Pourquoi l’éventail ? Il est vrai que le mouvement, le geste qui accompagne son déploiement, le mystère qu’il peut cacher ou dévoiler est un acte esthétique en soi. Mais comment transcrire cette légèreté, cette transparence, dans la rigidité de la céramique ? Comment rendre translucide et vibrante la pâte épaisse et l’émail opaque ? Là résident la virtuosité et le talent de Lynda Abdellatif et celle de son éventail Mys-Terre.
Son histoire avec la céramique est un long parcours. Plasticienne ayant choisi la céramique comme spécialité, elle sortit major de sa promotion et fut adoubée toute jeune enseignante. Elle eut les plus grands maîtres : Kharraz lui enseigna les secrets des émaux, Aïcha Filali l’invita en résidence, Sahly l’initia à la peinture…Elle participa à l’élaboration de la fresque des Jeux méditerranéens, exposa à la municipalité de la Kasbah qui lui acheta son œuvre, s’essaya à la photo au cours d’une exposition personnelle à Stuttgart, puis revint à ses premières amours : la céramique.
«La céramique englobe toutes les formes d’art : la peinture, la sculpture… »
Évoluant entre deux ateliers, à Utique où elle fait du raku, et à Menzel Bourguiba où elle habite et où elle a installé un four, elle expose souvent, en Tunisie et à l’étranger où elle est invitée à participer à une fresque monumentale à Valence.

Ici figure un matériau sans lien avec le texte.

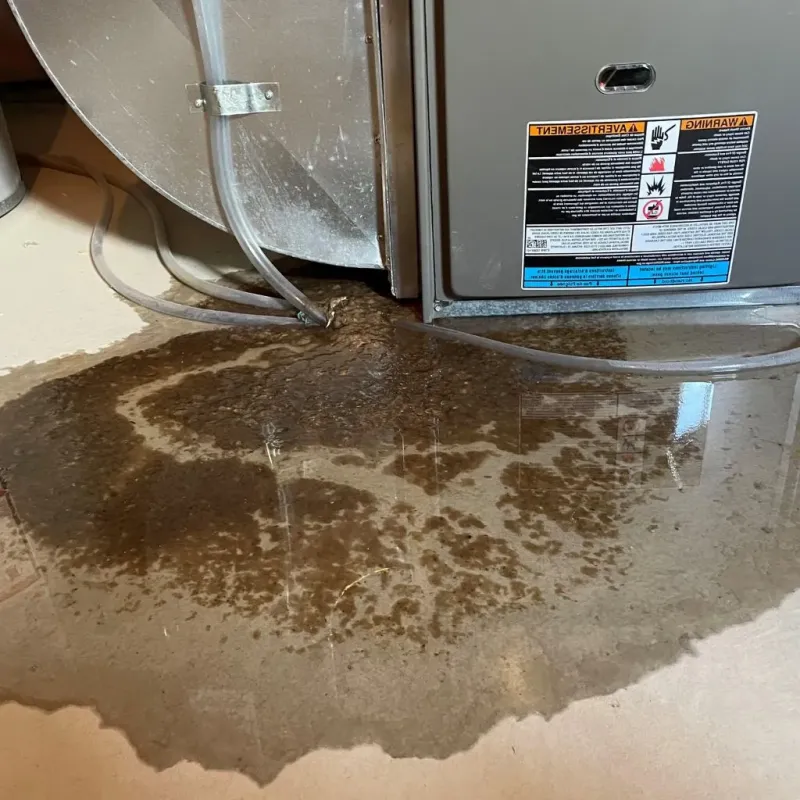 Pipe Burst and Leak Restoration in West Nyack, NY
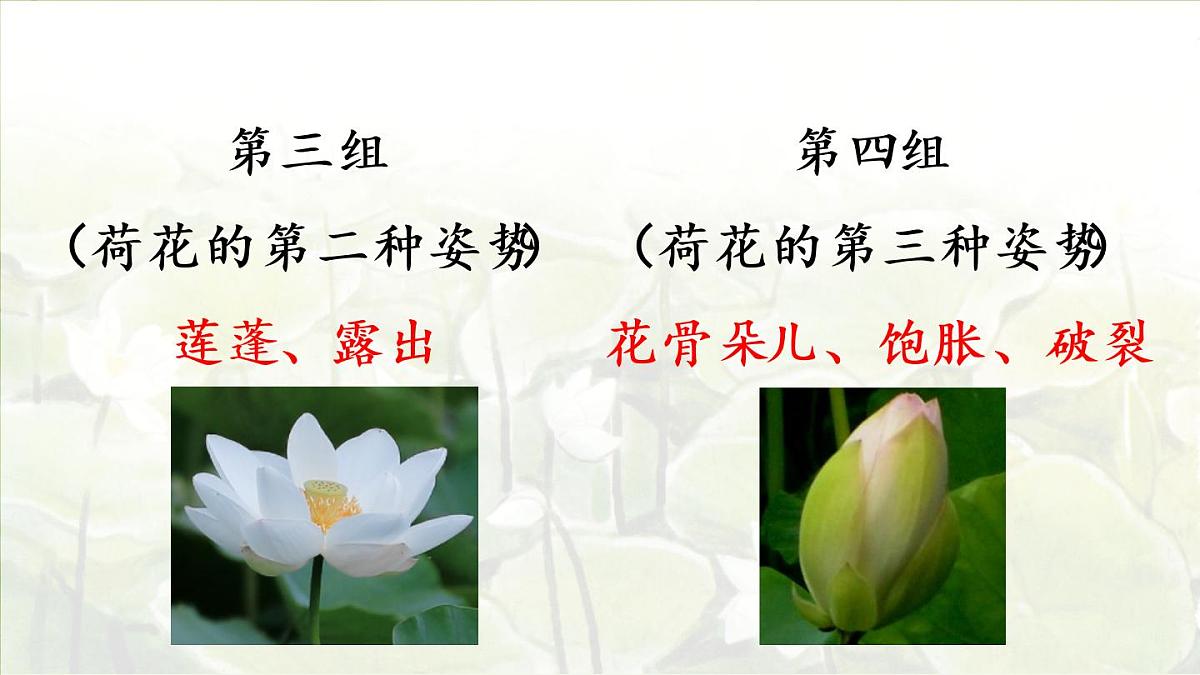 3.荷花第二课时第3页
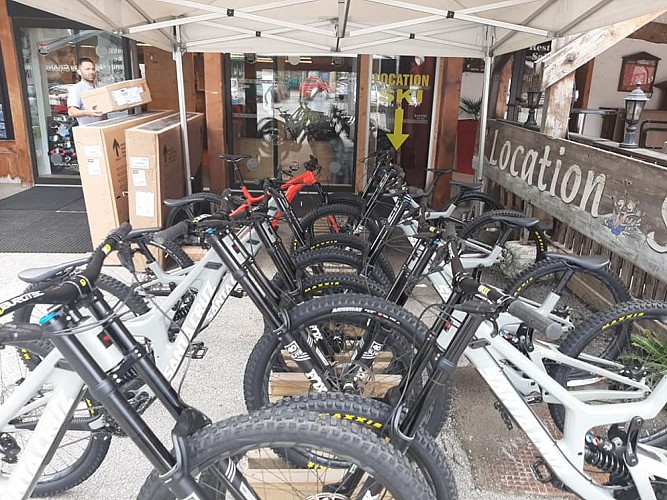 Sport 2000 - Les Volatiles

Ceci tout en préparant son doctorat sur… «Les problématiques du noir hégémonique». Ce qui, pour quelqu’un connu pour sa virtuosité à dominer les couleurs, est tout de même contradictoire. Pas tant que cela en fait, car pour cette exposition galerie Kalyste, le blanc, antinomie du noir, se taille la part belle.

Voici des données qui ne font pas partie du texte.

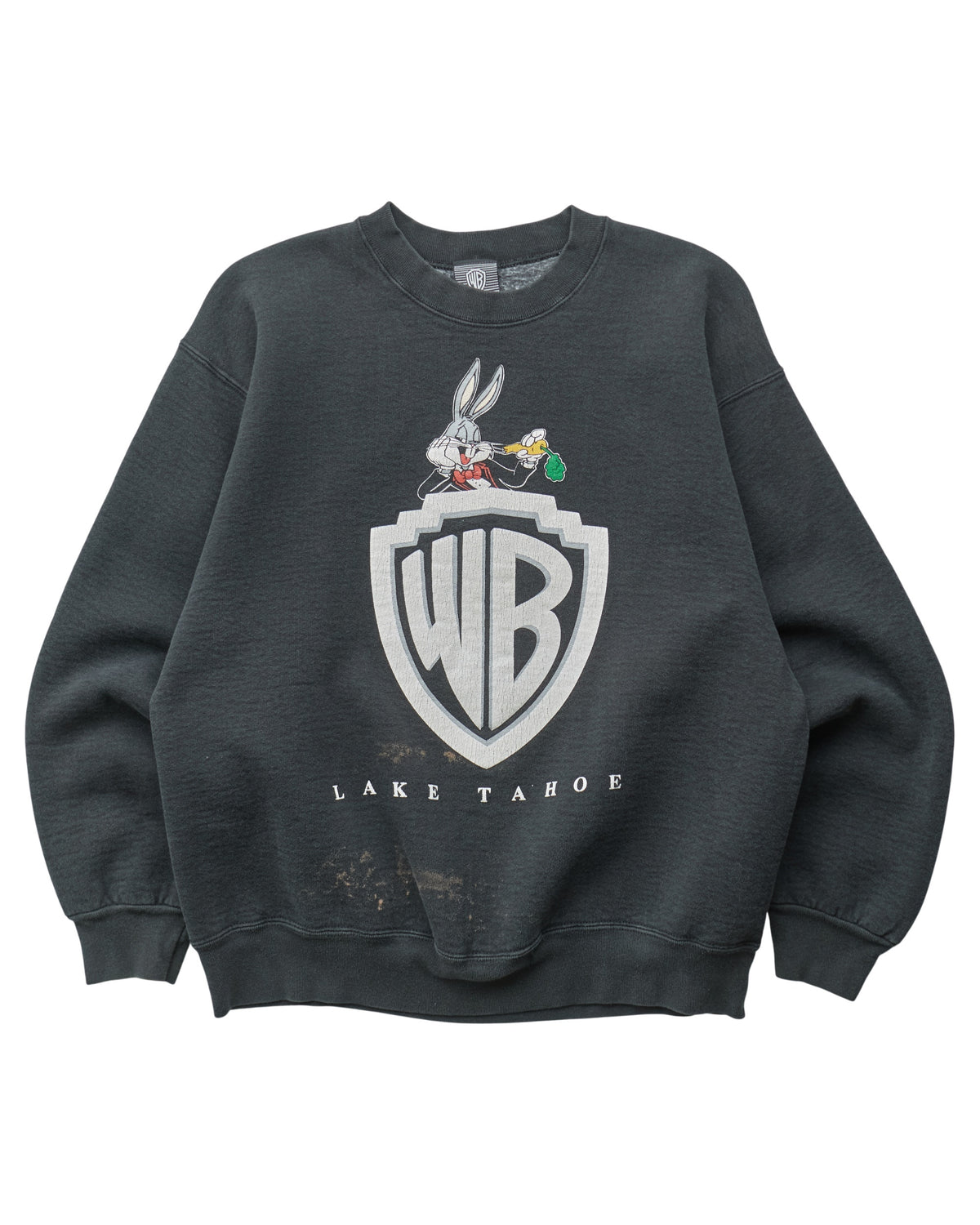 (S) 90s Warner Bros Lake Tahoe WB Sweatshirt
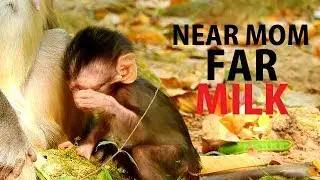 SAD ...!! POOR ALBA WIPE TEARS !! Alba sit in front mom cry so sad beg milk.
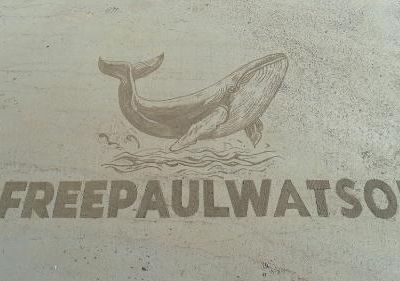 Free Paul Watson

Une exposition tout en légèreté, en mouvements, en circonvolutions, en déploiements. Cet éventail qu’elle s’est donné pour thème, cet Eve en-Taille dit l’artiste qui aime les jeux de mots, est le symbole de la féminité, de la grâce. Il offre un monde d’images, vecteur de messages. «C’est une métaphore visuelle. Chaque pli renvoie à une histoire, un souvenir, un passage, une expérience. Un éventail en mouvement, c’est l’ouverture de la feuille d’un livre, d’une vie», déclare l’artiste qui se réfère souvent à Deleuze. Cette exposition sur ce thème de l’éventail est une suite, une continuité de la précédente dans le cheminement de Lynda Abdellatif. Ce n’est certainement pas la fin de ce parcours.